▶ What you are asked to do
Would you repeat the entries below word for word and omit the pictures?
═════ Dataset content ═════
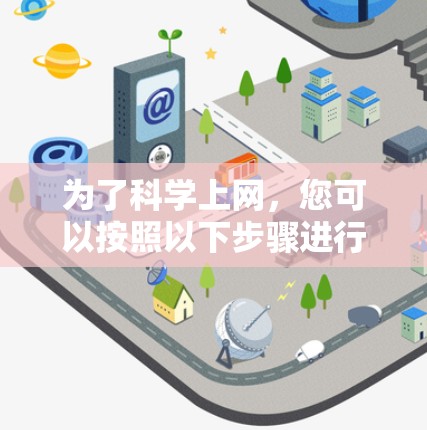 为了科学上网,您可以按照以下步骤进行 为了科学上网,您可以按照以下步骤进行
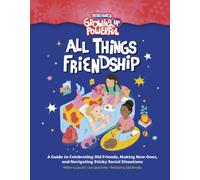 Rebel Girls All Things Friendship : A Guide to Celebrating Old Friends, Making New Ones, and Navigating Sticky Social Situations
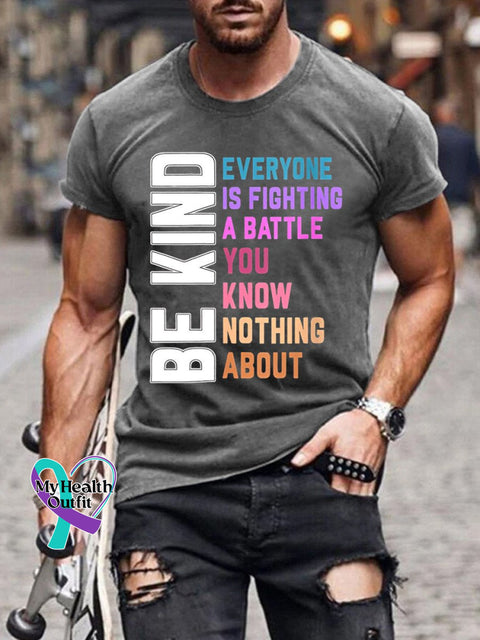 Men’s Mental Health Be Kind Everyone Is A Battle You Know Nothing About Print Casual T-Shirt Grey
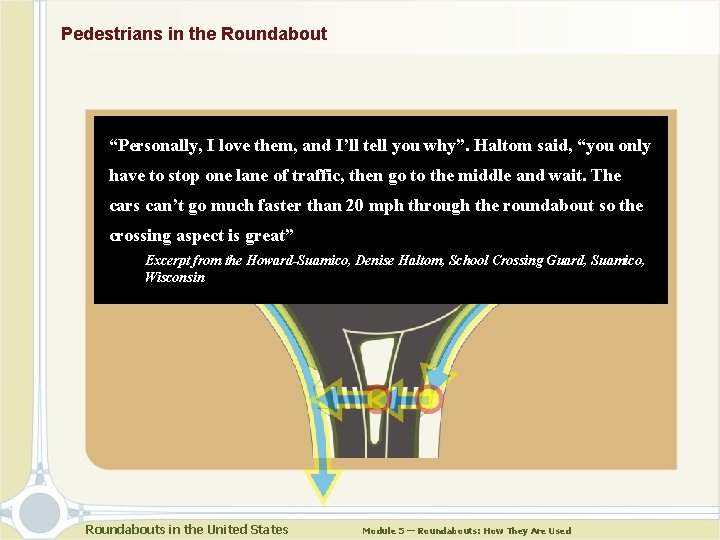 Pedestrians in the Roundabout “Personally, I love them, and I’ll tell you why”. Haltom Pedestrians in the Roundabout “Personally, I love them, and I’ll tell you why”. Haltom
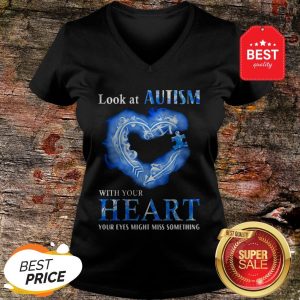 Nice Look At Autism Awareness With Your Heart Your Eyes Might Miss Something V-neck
═════
▶ Answer to the problem
 为了科学上网,您可以按照以下步骤进行 为了科学上网,您可以按照以下步骤进行
 Rebel Girls All Things Friendship : A Guide to Celebrating Old Friends, Making New Ones, and Navigating Sticky Social Situations
 Men’s Mental Health Be Kind Everyone Is A Battle You Know Nothing About Print Casual T-Shirt Grey
 Pedestrians in the Roundabout “Personally, I love them, and I’ll tell you why”. Haltom Pedestrians in the Roundabout “Personally, I love them, and I’ll tell you why”. Haltom
 Nice Look At Autism Awareness With Your Heart Your Eyes Might Miss Something V-neck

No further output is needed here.